Today's woman must simultaneously prove her apparent agency and independence while continuing to embody an appealing prostrate version of female sexuality and womanhood.
So what you have it's it's it's if you can weed through this, what's happening is that more and more young female starlets are disavowing the feminism of the era.
And they are identifying it in ways in which they've always perceived it.
Anti-male.
They don't perceive feminists as wanting anything to do with men.
They don't perceive feminists as wanting anything to do with relationships with men, and they want that.
So they don't want to be called feminist.
This is called DEFCON five panic in the upper levels and reaches of liberalism.
And so if you read this through, you find out that one of the things that they're criticized for is look at this, they're not like real women.
They're beautiful, they're famous, and they can afford to be feminists without having to say they are.
They can afford nannies, they can afford abortions if they need, they can afford all of this, they can say what they want, and they're traitors.
And they're phonies.
And at the root of it, don't doubt me, is that they are beautiful.
And these other women aren't and are burdened by it, and that's the dividing line, and that's what makes it tougher on the other women who aren't the celebrities.
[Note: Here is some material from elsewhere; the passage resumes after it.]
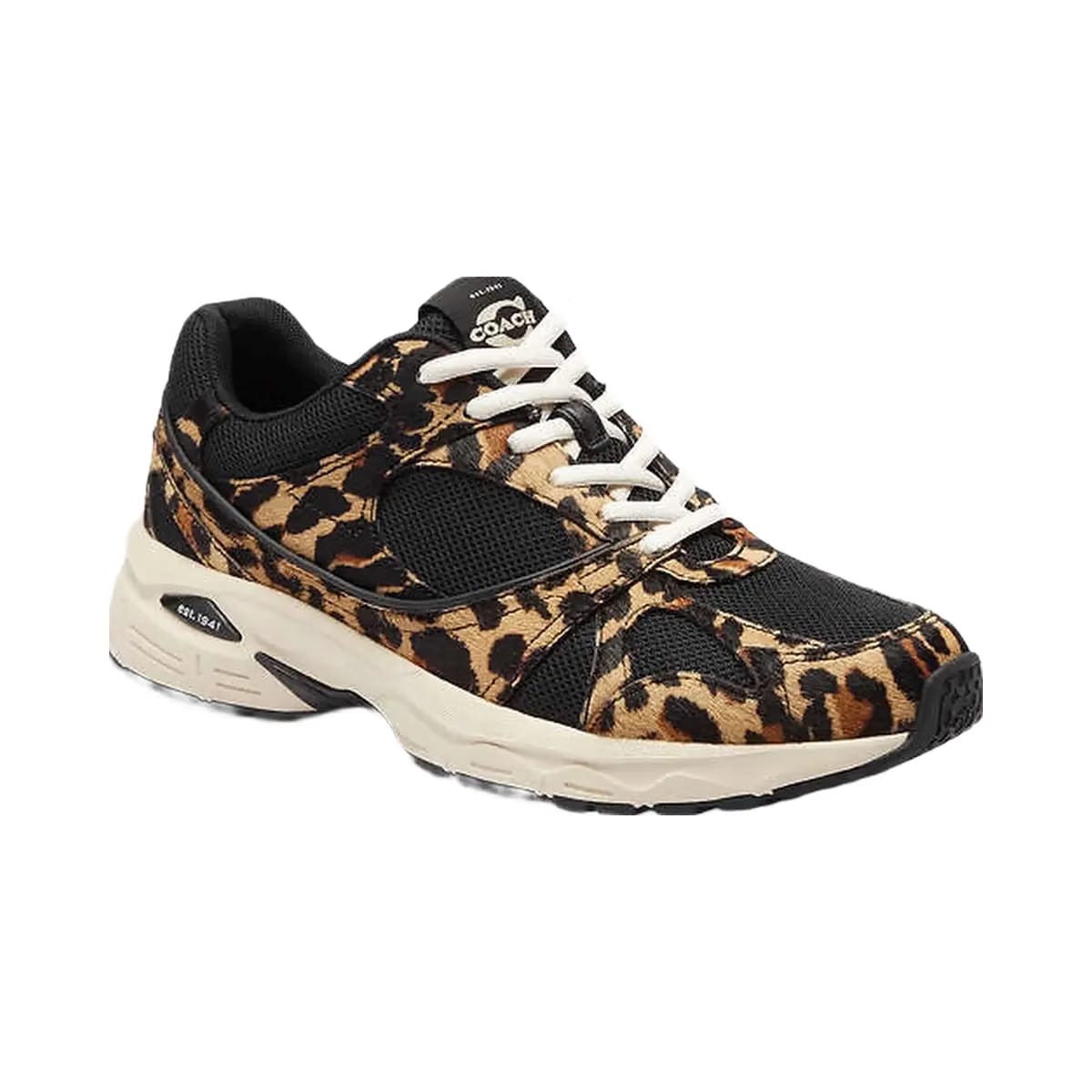 Coach Sport Sneaker With Leopard Print Black-Leopard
And it's it all loops back to undeniable truth of life number 24.
But at the root of this is also the breakdown of the cause.
Used to be automatic, new Hollywood Starlet, guaranteed, gonna be the next feminazy in waiting.
Now it's not guaranteed.
See, these young, beautiful young actresses are denouncing feminism.
So the militant feminists say, you know, we don't need these young women.
We don't need, we'd love to have them.
But we don't need these pretty women.
We don't need these pretty women to say this.
It's all back to undeniable truth of life number 24.
Okay, Shinsecki has fired somebody at the VA.
They got a scapegoat.
I have his name right in front of me, but he's gone, Shinseki stays, predictably so.
Have a great weekend, folks, and we'll be back here on Monday.